EXERCISE BRIEF: Pictures stay out of the copy. Retype exactly the lines below from the one with "Floral Velvet Dress - Dark Red" through the one with "Giáo trình Kỹ thuật số - Chương 4: Hệ tổ hợp".

Excerpts from a dataset
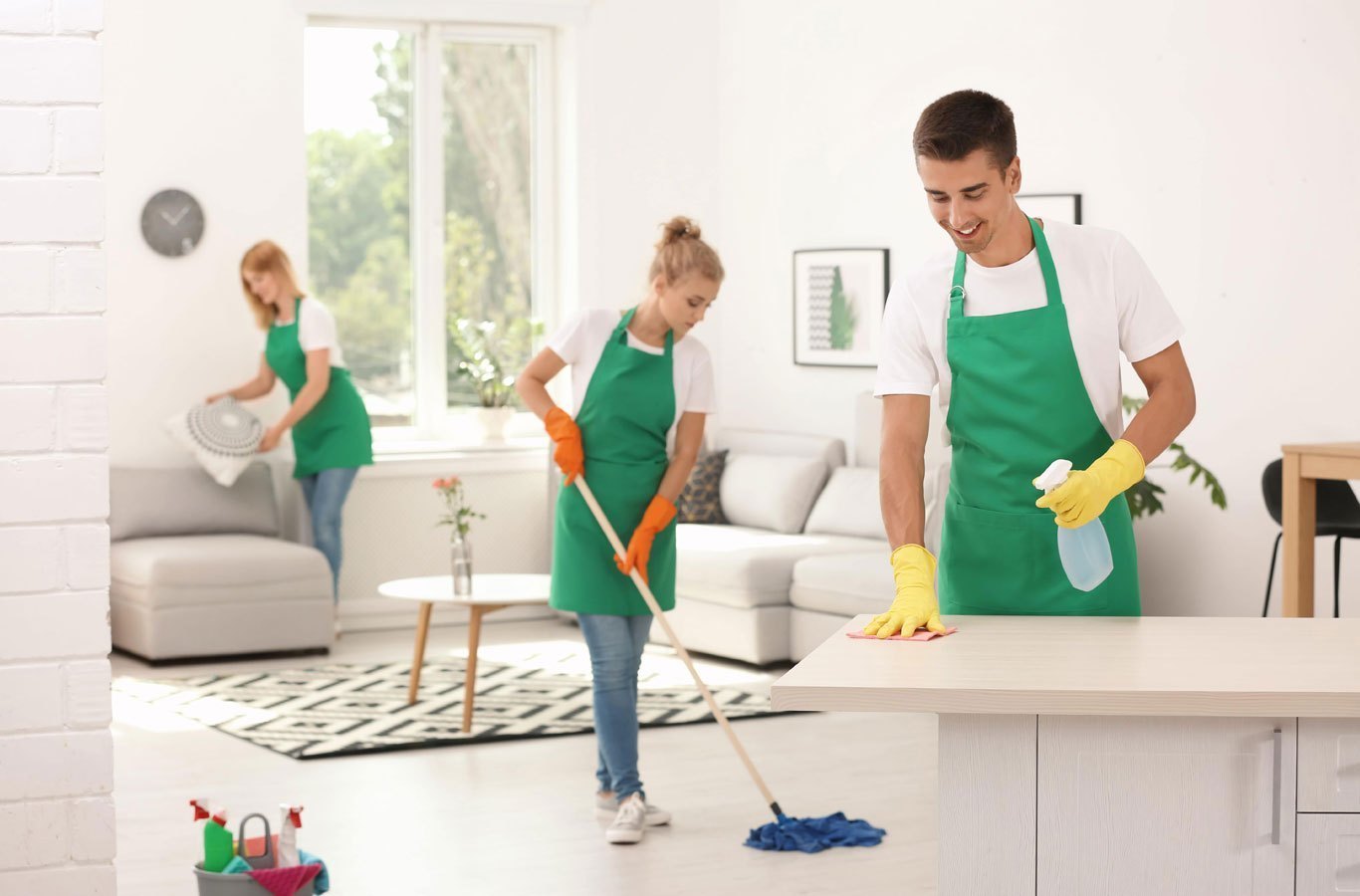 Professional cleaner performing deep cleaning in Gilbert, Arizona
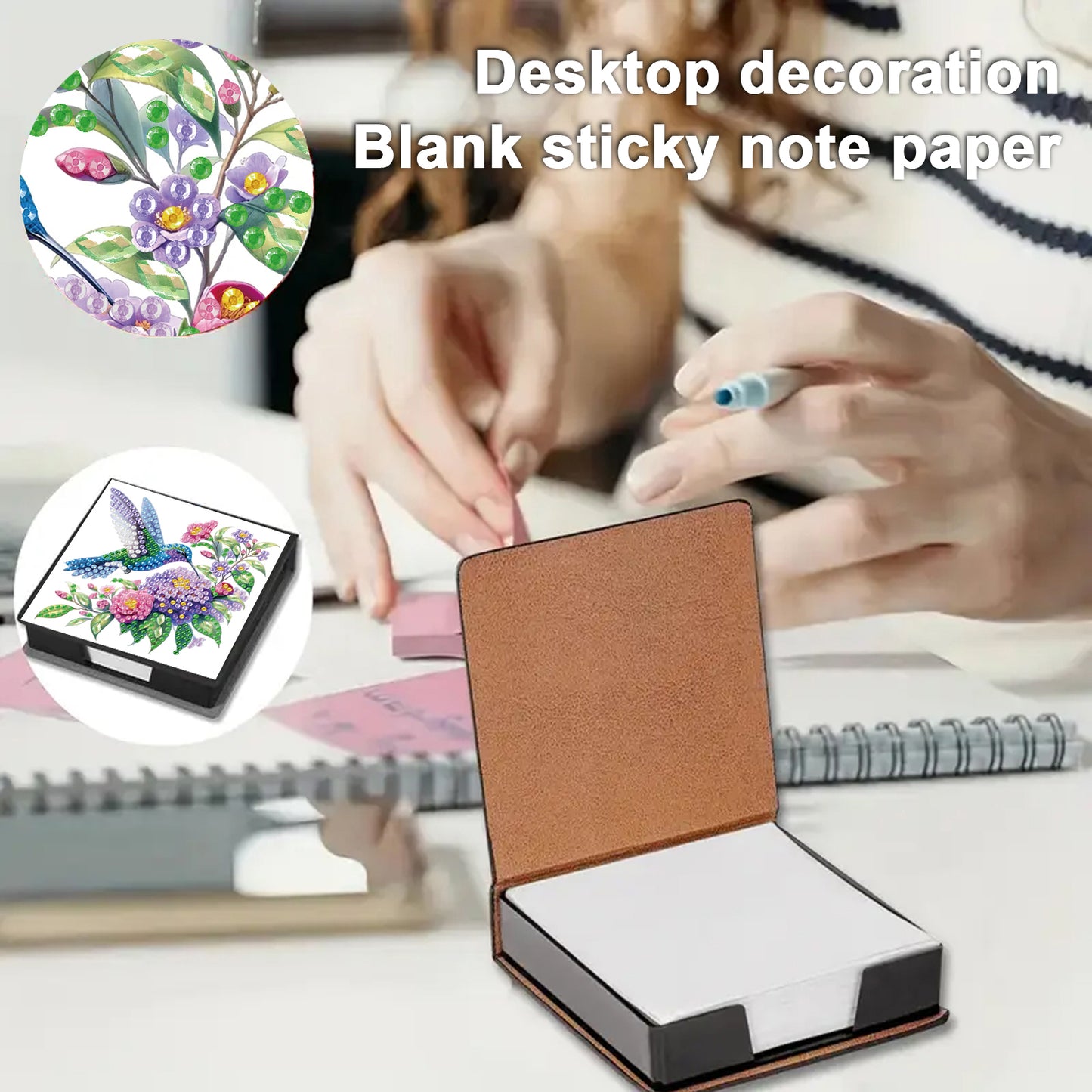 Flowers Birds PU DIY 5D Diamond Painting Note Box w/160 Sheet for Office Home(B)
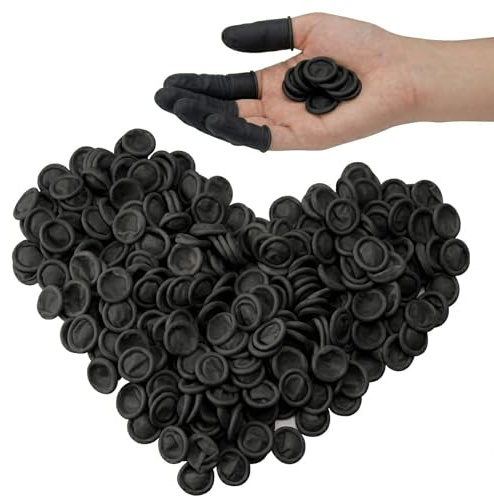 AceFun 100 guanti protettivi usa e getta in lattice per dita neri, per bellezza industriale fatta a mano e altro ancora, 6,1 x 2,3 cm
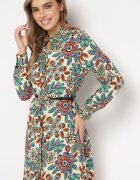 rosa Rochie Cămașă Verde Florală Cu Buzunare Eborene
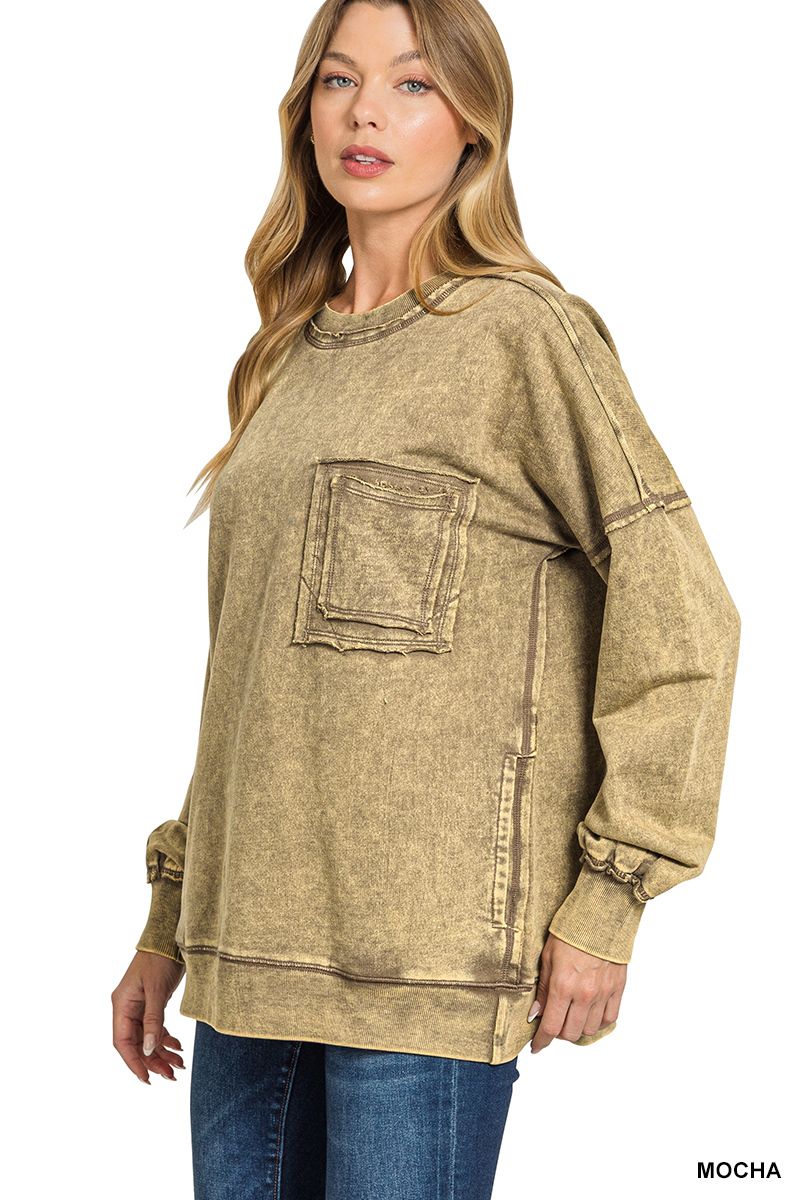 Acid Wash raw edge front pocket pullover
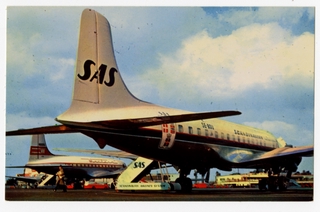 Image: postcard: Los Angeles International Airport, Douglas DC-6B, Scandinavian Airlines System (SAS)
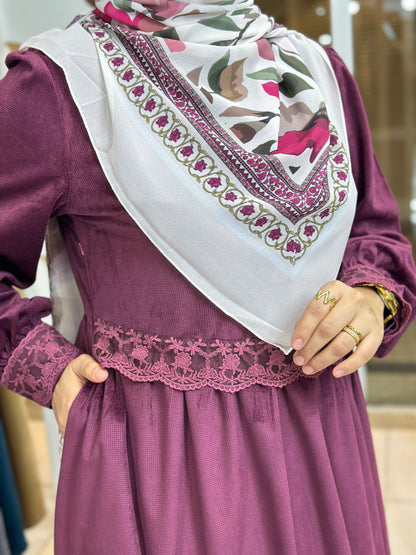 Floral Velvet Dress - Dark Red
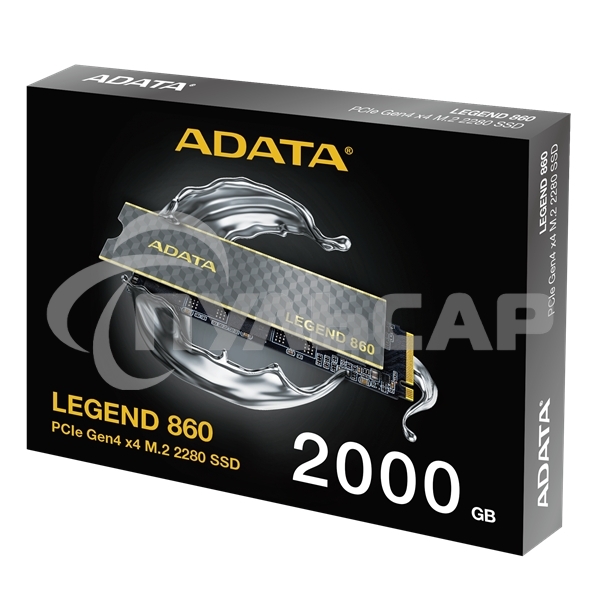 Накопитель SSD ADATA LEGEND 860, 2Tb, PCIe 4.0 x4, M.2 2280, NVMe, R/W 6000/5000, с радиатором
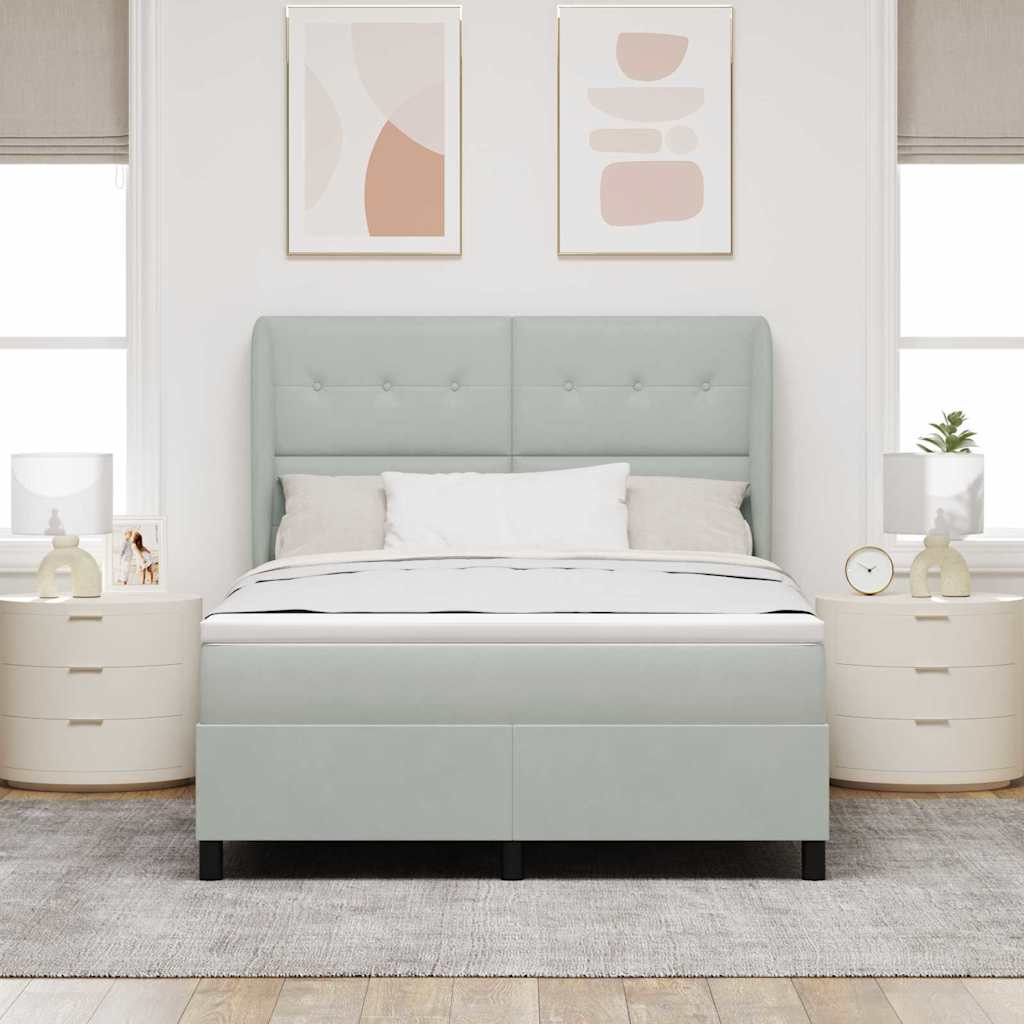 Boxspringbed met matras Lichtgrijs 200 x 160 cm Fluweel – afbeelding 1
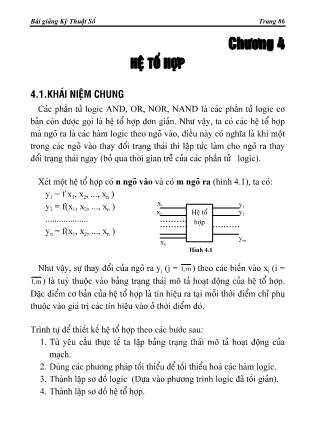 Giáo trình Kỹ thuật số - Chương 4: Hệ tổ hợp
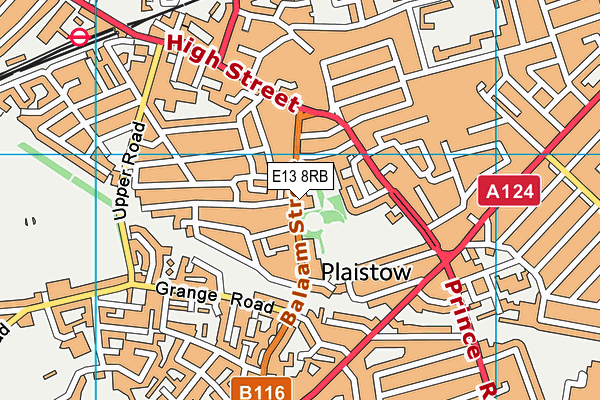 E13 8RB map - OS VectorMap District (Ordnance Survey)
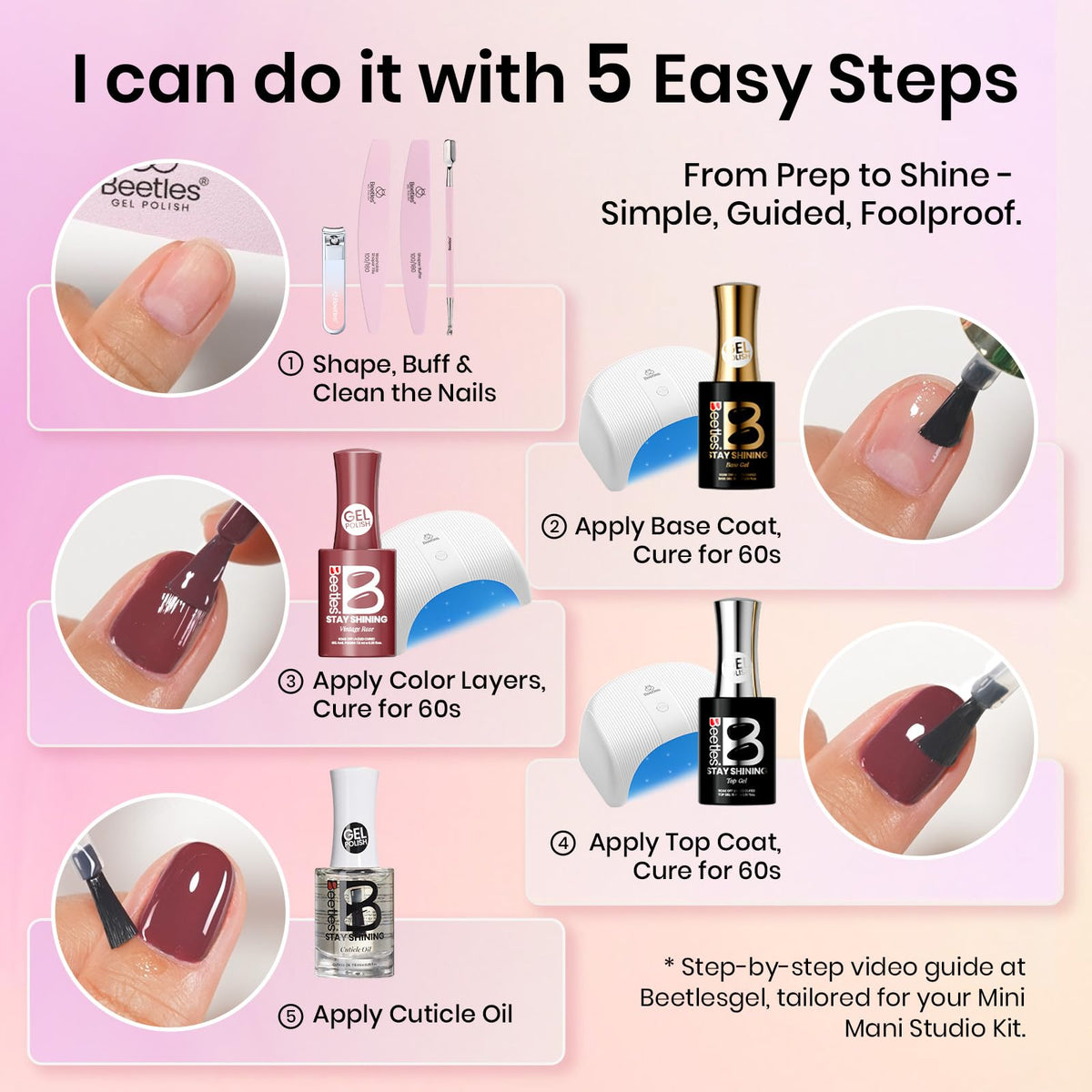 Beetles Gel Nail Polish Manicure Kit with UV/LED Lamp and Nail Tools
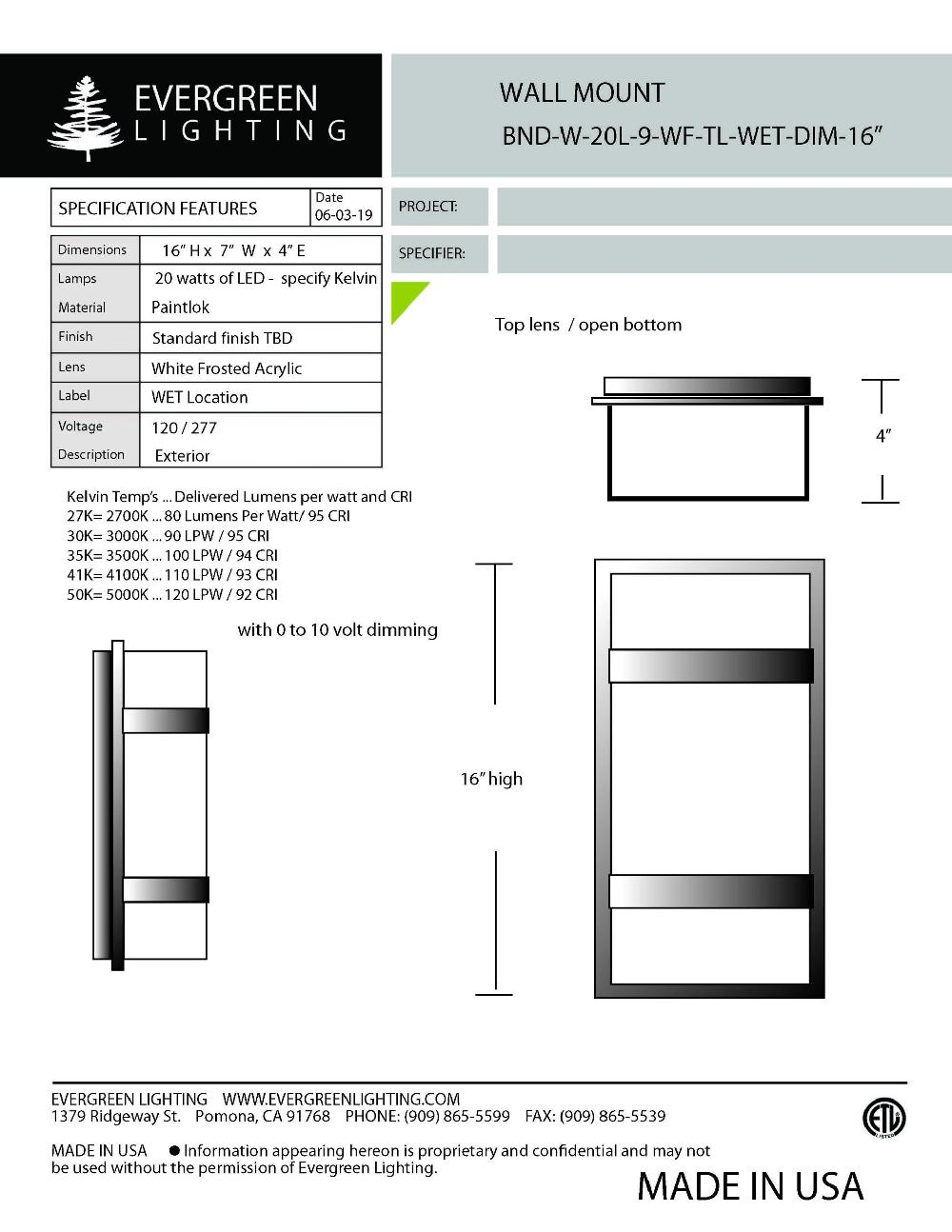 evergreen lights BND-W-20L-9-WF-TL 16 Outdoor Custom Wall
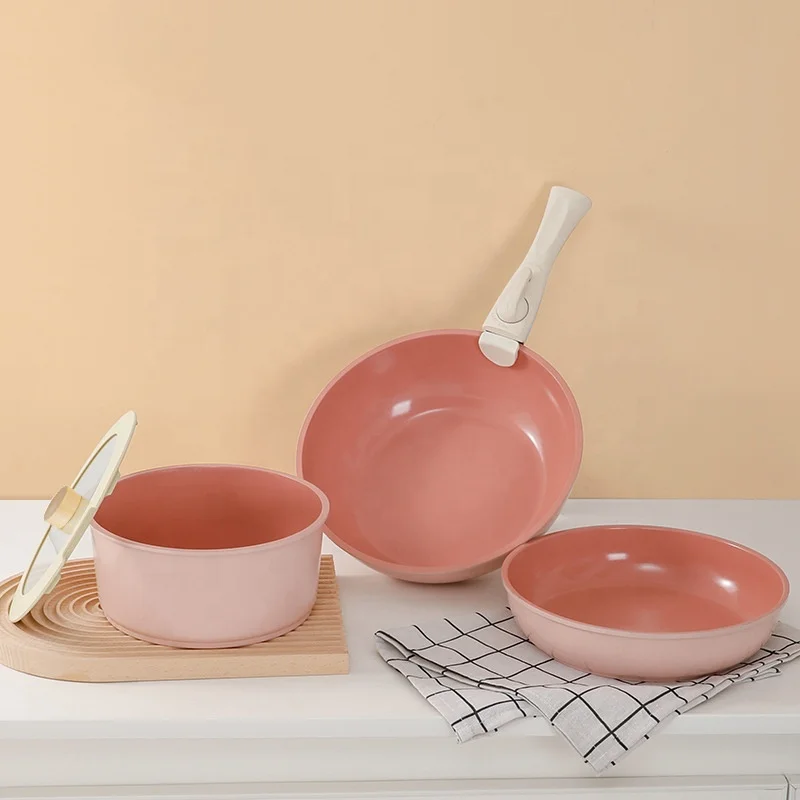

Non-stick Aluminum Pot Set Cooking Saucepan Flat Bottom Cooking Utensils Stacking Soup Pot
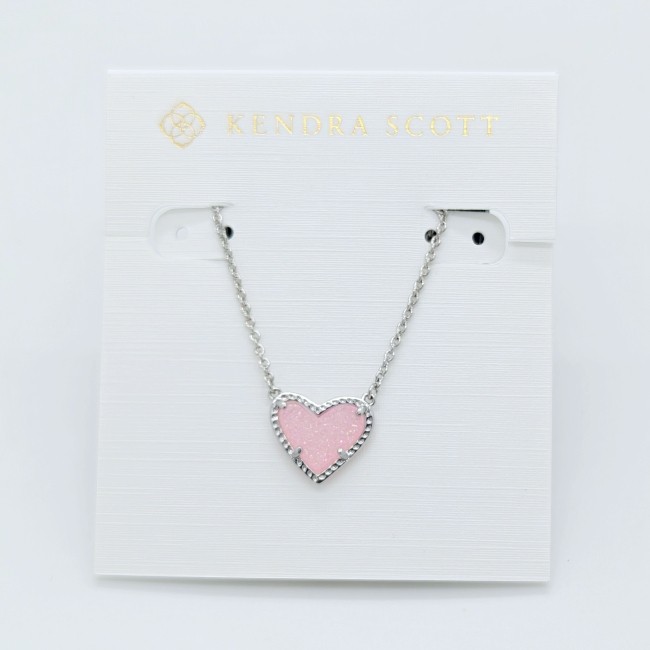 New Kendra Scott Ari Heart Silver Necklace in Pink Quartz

YOUR SOLUTION:
 Floral Velvet Dress - Dark Red
 Накопитель SSD ADATA LEGEND 860, 2Tb, PCIe 4.0 x4, M.2 2280, NVMe, R/W 6000/5000, с радиатором
 Boxspringbed met matras Lichtgrijs 200 x 160 cm Fluweel – afbeelding 1
 Giáo trình Kỹ thuật số - Chương 4: Hệ tổ hợp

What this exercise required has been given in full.